The meeting of the UN General Assembly is scheduled for September 18 and it is expected that proposals on Karabakh will be made then. In particular, the OSCE Minsk Group, an international format spearheaded by the US, France and Russia that has for two decades been trying to find a negotiated peace to the conflict, may be declared ineffective. The State Department representative also said that the situation with Ramil Safarov’s extradition makes Armenian-Azerbaijani negotiations meaningless.
Russian expert Stanislav Tarasov believes the United States has decided to establish a status quo in the region and are now trying to oust Russia and Iran from both the Karabakh negotiation process and the region’s economic space.
Apparently, based on this fact Russia is trying to make Armenia finally integrate with it economically. On Tuesday the Armenian parliament ratified an agreement on ‘CIS Free Trade Zone’. Armenia became the fourth country, after Russia, Belarus and Ukraine, to have ratified the agreement that was signed in 2011. Russia strongly demanded that Armenia ratify the document.
Remarkably, skeptical opinions on this document were voiced in the Armenian parliament. But neither the ruling Republican Party of Armenia (RPA), nor experts said that the signing of the agreement means the rejection of European integration. Deputy Parliament Speaker Edward Sharmazanov, of the RPA, when asked about the likelihood of joining the Customs Union (Russia, Belarus and Kazakhstan), said one should not be looking that far now.
At the same time, the European Union’s Special Representative for the South Caucasus Philippe Lefort paid an unannounced visit to Armenia on Tuesday. During his meetings in Yerevan Lefort said that Europe will continue to support Armenia and develop cooperation. And Prime Minister Tigran Sargsyan expressed hope that the agreement on Deep and Comprehensive Trade with the EU will be signed by the end of 2013.
This caused a convulsive reaction from Russia. Russian Ambassador to Armenia Vyacheslav Kovalenko suddenly made tough comments through the press, saying that Russia is a guarantor of Armenia’s security, economic stability and even its national identity.
“After the collapse of the Soviet Union with the help of Russia Armenia managed to retain many of its large enterprises that today are the backbone of Armenia’s national economy: natural gas distribution, mining companies.

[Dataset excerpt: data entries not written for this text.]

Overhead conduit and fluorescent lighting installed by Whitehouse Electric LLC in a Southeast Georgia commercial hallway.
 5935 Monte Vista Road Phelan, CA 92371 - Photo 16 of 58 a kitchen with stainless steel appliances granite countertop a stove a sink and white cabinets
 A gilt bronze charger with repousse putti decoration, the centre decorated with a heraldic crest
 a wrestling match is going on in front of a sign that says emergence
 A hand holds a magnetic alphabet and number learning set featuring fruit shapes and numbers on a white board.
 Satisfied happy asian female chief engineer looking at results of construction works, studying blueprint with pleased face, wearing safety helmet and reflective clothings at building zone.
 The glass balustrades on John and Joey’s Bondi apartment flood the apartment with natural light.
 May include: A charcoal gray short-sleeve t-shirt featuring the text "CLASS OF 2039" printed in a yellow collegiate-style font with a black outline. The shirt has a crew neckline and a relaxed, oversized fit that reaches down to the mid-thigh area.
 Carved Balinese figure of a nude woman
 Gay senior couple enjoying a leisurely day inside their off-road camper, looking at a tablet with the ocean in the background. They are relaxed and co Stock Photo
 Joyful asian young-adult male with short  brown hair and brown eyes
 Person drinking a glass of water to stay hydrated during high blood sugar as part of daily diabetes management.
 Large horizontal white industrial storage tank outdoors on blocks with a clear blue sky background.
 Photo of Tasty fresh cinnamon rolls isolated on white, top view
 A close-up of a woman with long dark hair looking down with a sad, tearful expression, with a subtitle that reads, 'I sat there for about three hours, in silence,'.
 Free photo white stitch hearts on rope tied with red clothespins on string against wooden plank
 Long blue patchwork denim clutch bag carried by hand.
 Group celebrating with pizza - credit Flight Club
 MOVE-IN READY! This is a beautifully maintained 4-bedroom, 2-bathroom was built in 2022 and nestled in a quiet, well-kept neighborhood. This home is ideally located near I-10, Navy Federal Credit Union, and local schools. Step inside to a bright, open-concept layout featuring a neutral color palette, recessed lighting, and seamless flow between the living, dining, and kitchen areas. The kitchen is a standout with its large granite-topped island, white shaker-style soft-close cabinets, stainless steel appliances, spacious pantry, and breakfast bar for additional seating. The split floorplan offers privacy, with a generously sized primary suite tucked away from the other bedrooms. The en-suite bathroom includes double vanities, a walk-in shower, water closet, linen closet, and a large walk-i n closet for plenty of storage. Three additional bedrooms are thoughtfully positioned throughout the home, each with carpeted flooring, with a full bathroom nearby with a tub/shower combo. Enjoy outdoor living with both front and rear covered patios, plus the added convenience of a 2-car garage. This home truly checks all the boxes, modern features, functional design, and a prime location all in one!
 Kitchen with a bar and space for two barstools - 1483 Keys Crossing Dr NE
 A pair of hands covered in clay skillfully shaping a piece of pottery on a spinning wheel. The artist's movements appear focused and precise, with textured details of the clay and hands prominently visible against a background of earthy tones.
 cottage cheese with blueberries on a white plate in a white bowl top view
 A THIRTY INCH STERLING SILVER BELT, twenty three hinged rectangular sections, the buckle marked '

Our companies work here in almost all spheres, ensuring the Armenian budget, employing thousands of people,” said the ambassador in an interview with Novosti-Armenia. What the Russian ambassador did not mention, however, is the fact that all of these companies had been taken over by Russia and that Russia established de-facto monopolies in these spheres, dictating prices and quality to Armenia.
Meanwhile, Armenia is expanding its cooperation with the West not only in the economic field, but also in the security domain.
In 2013, Yerevan plans to continue its mission in Afghanistan as part of NATO’s ISAF, said Defense Minister Seyran Ohanyan on Tuesday during a meeting with Commander of the German Armed Forces Operations Command, Lieutenant General Rainer Glatz. The Armenian peacekeeping contingent has been operating in Afghanistan under German command. The fact that NATO is ready to expand its relations with Armenia was also underscored during a recent visit to Yerevan by the Alliance’s Secretary-General Anders Fogh Rasmussen.